Donley Pledges to Restore Air Force's Reputation, Credibility
By Gerry J. Gilmore
American Forces Press Service
WASHINGTON, July 22, 2008 – The acting secretary of the Air Force told Capitol Hill legislators during a confirmation hearing here today that he’ll work to restore the Air Force’s reputation for excellence.
Michael B. Donley told the Senate Armed Services Committee that he’ll work to re-establish national confidence in the Air Forcein the wake of missteps in the handling of nuclear materials that led to the resignations of the service’s top military and civilian leaders.
The most urgent tasks for the new Air Force leadership are “to steady this great institution, restore its inner confidence and your confidence in the leadership team and rebuild our external credibility,” Donley said.

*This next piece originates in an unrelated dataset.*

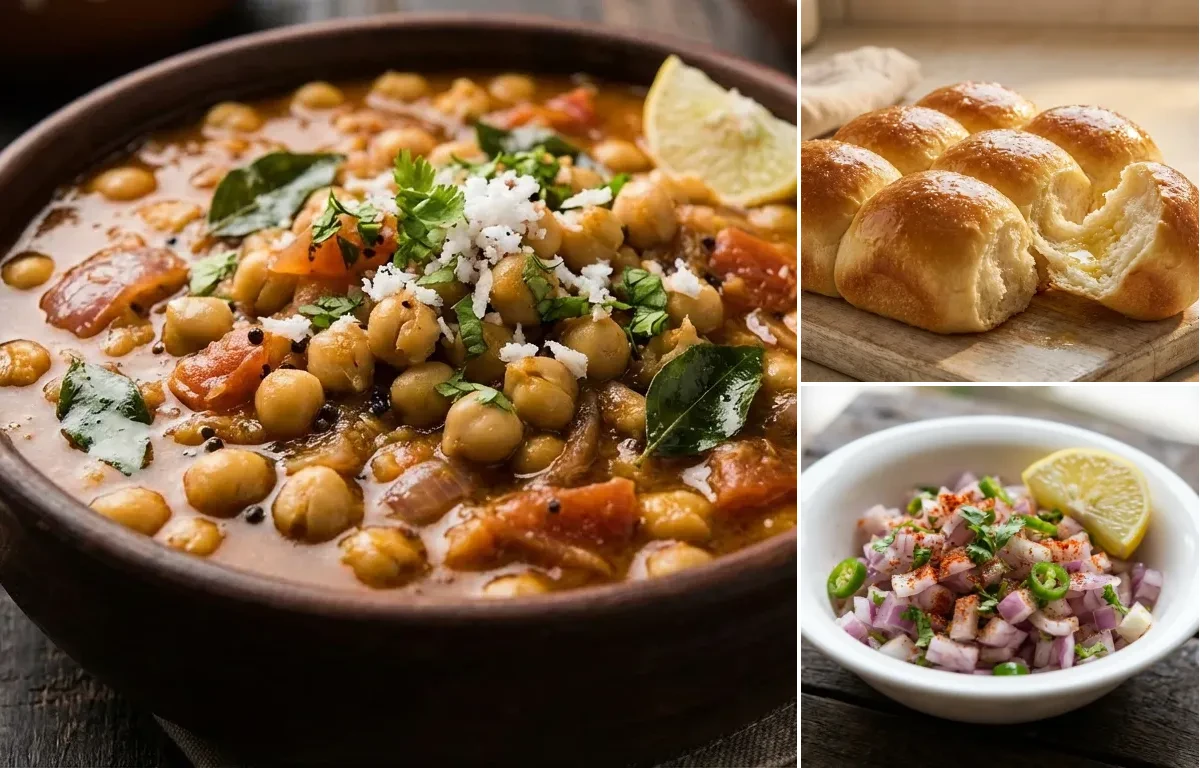Mutter Usal with Ladi Pav and Chopped Onion Salad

Donley became acting Air Force secretary after the June 6 resignations of Michael W. Wynne and Air Force Chief of Staff Gen. T. Michael Moseley, spurred by a report on the erroneous shipment of four non-nuclear missile trigger components instead of helicopter batteries to Taiwan in August 2006. A year after the mistaken delivery, an Air Force B-52 bomber crew inadvertently flew across the United States carrying six armed nuclear cruise missiles.
“The mere existence of weapons with such destructive power alters the international landscape – and rightfully brings much scrutiny to bear on how they are handled,” Defense Secretary Robert M. Gates told airmen and civilian employees during a June 9 visit to Air Combat Command at Langley Air Force Base, Va.
Donley, who also served as acting Air Force secretary for seven months in 1993, told legislators that he created a nuclear task force on June 26 “to synchronize corrective actions under way across major commands and to unify these efforts at the strategic level.”
The nuclear task force is to provide its recommendations at the end of September, Donley said, adding that Gates has asked former Defense Secretary James R. Schlesinger to critique how the Air Force stores and manages its nuclear materials.
“I have met with Dr. Schlesinger and his panel, and the Air Force schedule is structured so that we can incorporate their recommendations as we move forward,” Donley told legislators.
Donley said he approves of Gates’ decision to reopen the process to replace aging Air Force KC-135 aerial refueling tanker planes. In June, the Government Accountability Office found improper practices related to the $35 billion tanker contract awarded in February to a Northrop-Grumman/EADS/Airbus consortium. Rival bidder Boeing Co. protested the award of the contract.
In June, Gates directed John J. Young Jr., undersecretary of defense for acquisition, technology and logistics, to replace the Air Force as the source selection authority for the tanker contract.
“Secretary Young will have whatever support he needs from the Air Force to continue forward,” Donley pledged. “The Air Force needs a new tanker; the joint warfighters need a new tanker. This is a critical capability that facilitates the projection of U.S. influence around the globe.”
Donley said he has directed senior Air Force acquisition officials to ascertain lessons derived from the GAO’s decision regarding the air tanker issue.
“We need to strengthen confidence in the Air Force and DoD’s capability to manage these large, complex competitions and successfully withstand contractor protests,” Donley said.
Donley said that after attending numerous recent meetings with both senior and junior servicemembers and civilians, he is confident the Air Force is eager to move on.
“Without exception, leadership and airmen at all levels are ready to put the difficulties of the past few months behind them, to learn the appropriate lessons from these experiences and to move forward,” Donley said.
The way ahead for the Air Force, Donley said, includes “a recommitment to upholding the high standards of excellence that have always been the Air Force’s hallmark, and for our core values of integrity first, service before self, and excellence in all we do to underpin every action by every airman at all times.”
The Air Force is an all-volunteer organization of professionals who are dedicated to excellence, Donley said.
“There is no quicker recovery of our inner confidence and credibility than the power of tens of thousands of airmen recommitting to our own high standards,” Donley emphasized. “Our values and our high standards form the core of all Air Force actions.”
Those high standards serve the Air Force well during the global war on terrorism, Donley said, and point the way to a bright future.